▸ **Exercise data**:
[Start of Attachment]
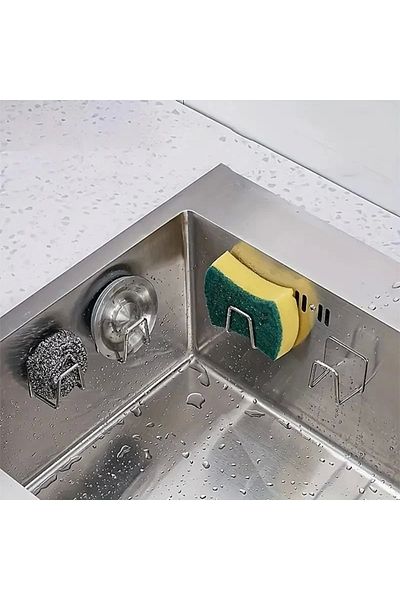 Yenimiyeni Self Adhesive Steel Strong Kitchen Bathroom Hanger Multi-Purpose Sponge Holder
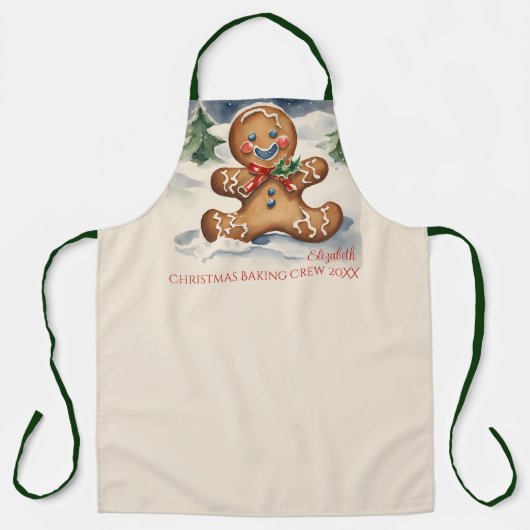 Gingerbread Mann Weihnachtskochtopf Backen Crew Schürze (Vorderseite)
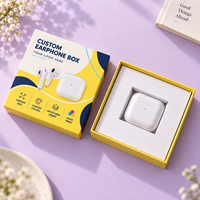 Boîte à couvercle et base en carton blanc écologique avec logo personnalisé, pelliculage mat, impression 4 couleurs, insert en carton pour caméra sans fil TWS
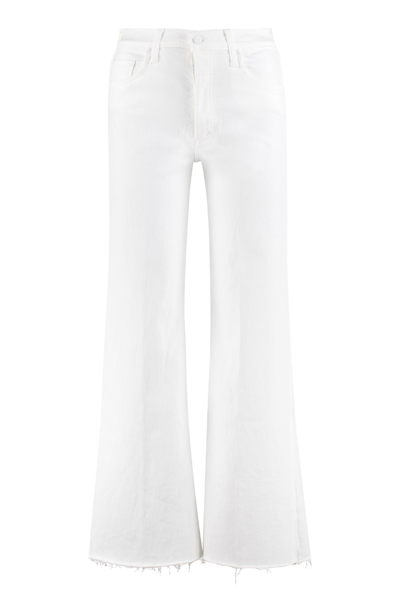 Mother The Tomcat Roller Fray Wide-leg Jeans In White | ModeSens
[End of Attachment]
▸ **Brief**: Each line of the data above needs to be retyped as it is, without any picture.

▸ **Output**:
 Yenimiyeni Self Adhesive Steel Strong Kitchen Bathroom Hanger Multi-Purpose Sponge Holder
 Gingerbread Mann Weihnachtskochtopf Backen Crew Schürze (Vorderseite)
 Boîte à couvercle et base en carton blanc écologique avec logo personnalisé, pelliculage mat, impression 4 couleurs, insert en carton pour caméra sans fil TWS
 Mother The Tomcat Roller Fray Wide-leg Jeans In White | ModeSens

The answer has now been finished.